À l’autre bout du fil, un bénévole lui demande des conseils concernant l’installation de matériel de protection autour d’un monument historique, explique Ulyana Shchurko, une professeure associée au département de gestion de l’art à l’Académie nationale des arts de Lviv, qui lui sert d’interprète pour l’occasion.
Depuis plus de deux semaines, l’homme de 44 ans passe ses journées à coordonner les efforts pour protéger les monuments historiques de la ville contre d’éventuels bombardements.
Dans le centre historique, fondé à la fin du Moyen-Âge, des statues de pierres ont été emballées avec du plastique alors que les vitraux d’églises comme la basilique-cathédrale de l'Assomption, construite au 14e siècle, ont été recouverts de feuilles de tôle.
D’autres édifices historiques ont été tapissés de matériaux ignifuges et recouverts d'échafaudages et de planches de bois, comme la chapelle de Boim, construite au début du 17e siècle.
Nous savons bien que cela ne les protégera pas s’ils se font frapper directement par une bombe. [...] Seule la fermeture de l’espace aérien pourrait les protéger
, explique Andriy Pochekva, qui coordonne les opérations.
Même si ces efforts peuvent sembler futiles face à la force de frappe de l’armée russe, tenter de préserver le patrimoine culturel de son pays est selon lui une question de survie identitaire.
Cet héritage est ce qui fait de nous des Ukrainiens. C’est pour cela que les Russes veulent le détruire
, dit-il.
« Ils essaient de détruire notre identité, notre culture et notre langue depuis des centaines d’années. »
Un désert
Au Musée national de Lviv, le plus grand musée d’art du pays, les murs, qui étaient recouverts d'œuvres il y a à peine un mois, sont aujourd’hui nus. En 10 jours seulement, les quelque 1700 œuvres qui y étaient exposées ont toutes été mises à l'abri, dans des endroits gardés secrets.
« C’est très difficile de voir le musée vide.

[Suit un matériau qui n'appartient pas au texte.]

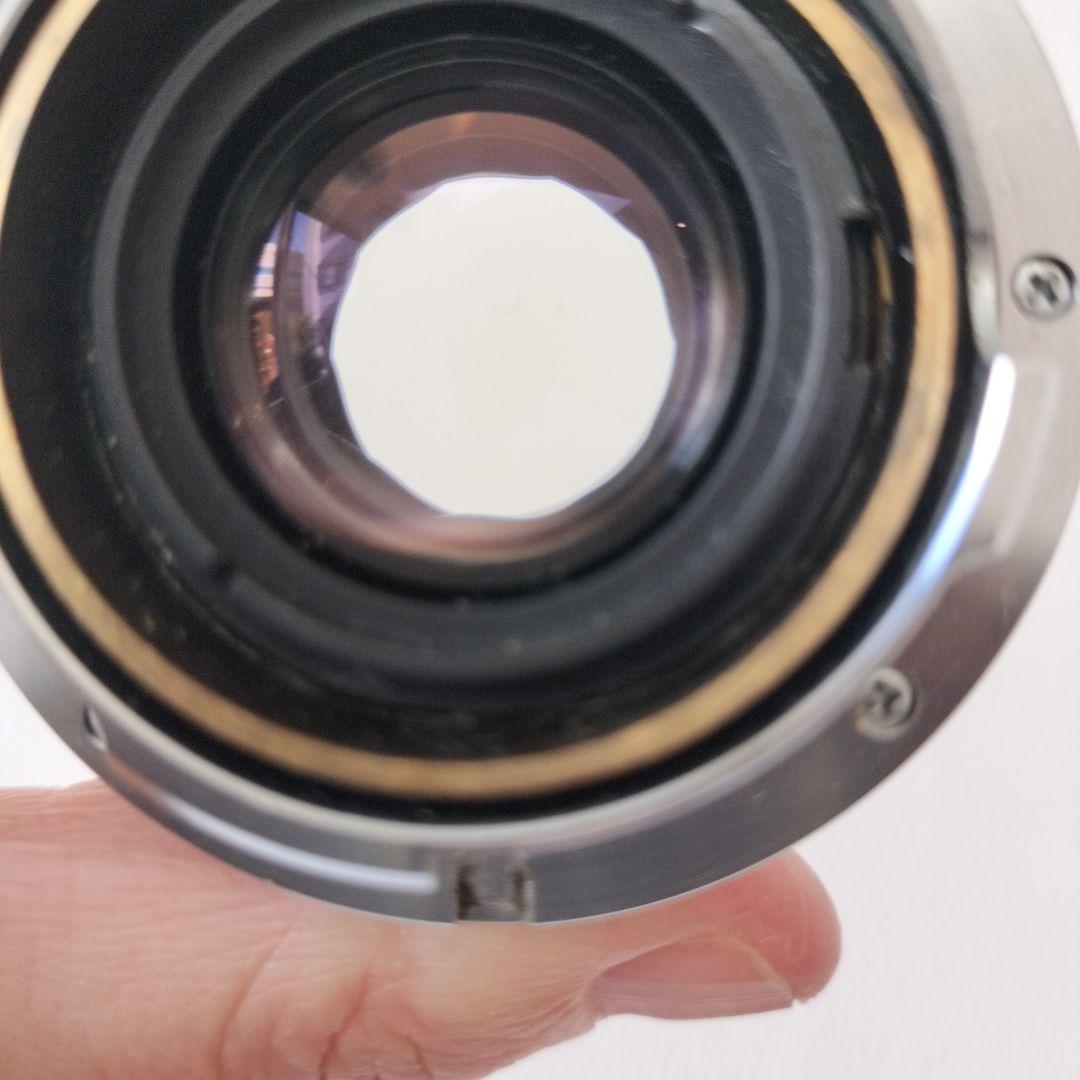 ばいにゃ　Leica CL + Summicron 40/f2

Il ressemble à une ruine, à un désert sans tous les tableaux sur les murs. »
Bien que les artéfacts soient en sécurité pour le moment, préserver des œuvres d’art, dont certaines datent du 14e siècle, à l’extérieur du musée est un défi de taille.
Le bois sur lequel certaines œuvres ont été peintes est plus vieux que le bois du bateau de Christophe Colomb
, dit le directeur du musée, qui s’attend déjà à ce que certaines œuvres doivent être restaurées lorsque le conflit sera terminé.

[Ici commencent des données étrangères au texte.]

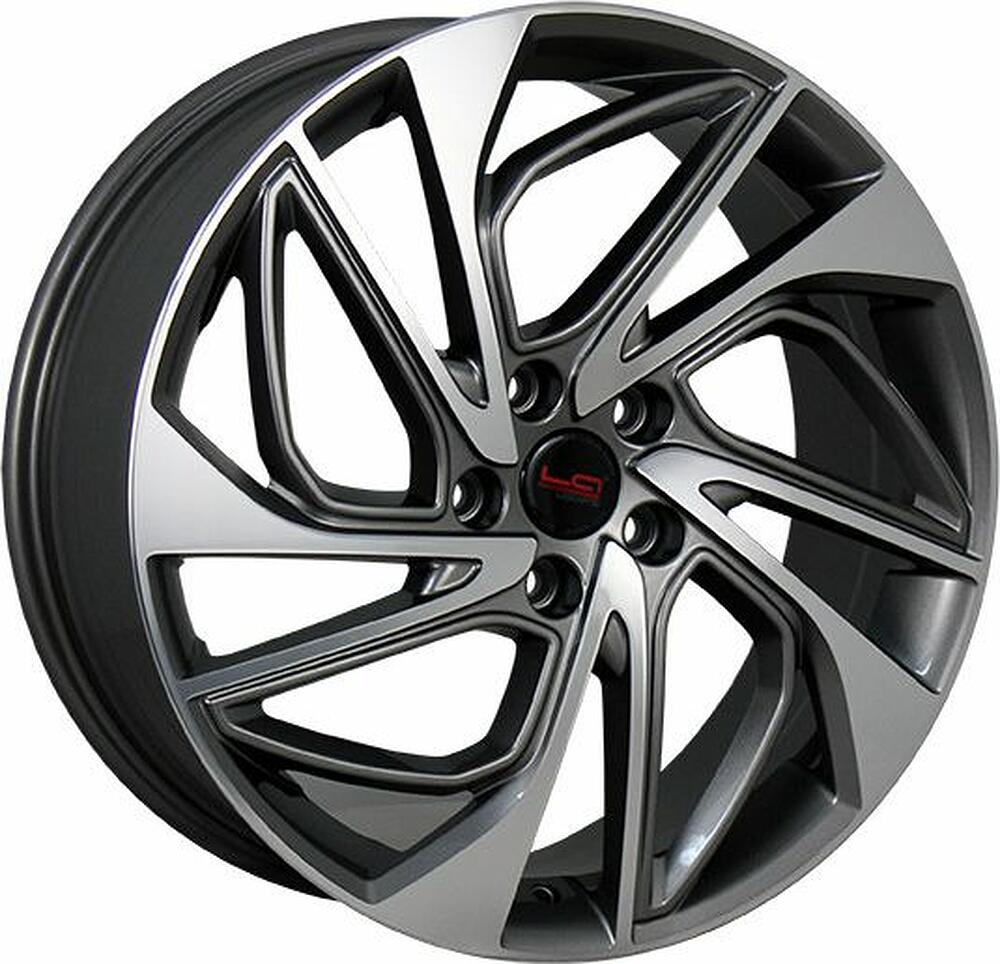 LegeArtis Concept-HND531 6.5x17 5x114.3 ET 48 Dia 67.1 gmf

Il ajoute que les œuvres pourraient être endommagées par des bombardements si le musée tentait de les transporter vers un autre pays.
On peut reconstruire des villes [...] mais on ne peut pas faire de même avec notre héritage culturel ni ramener des gens à la vie
, dit Ihor Kozhan.
Nous espérons qu’en fin de compte, tous ces efforts n’auront pas été nécessaires
, affirme pour sa part Andriy Pochekva.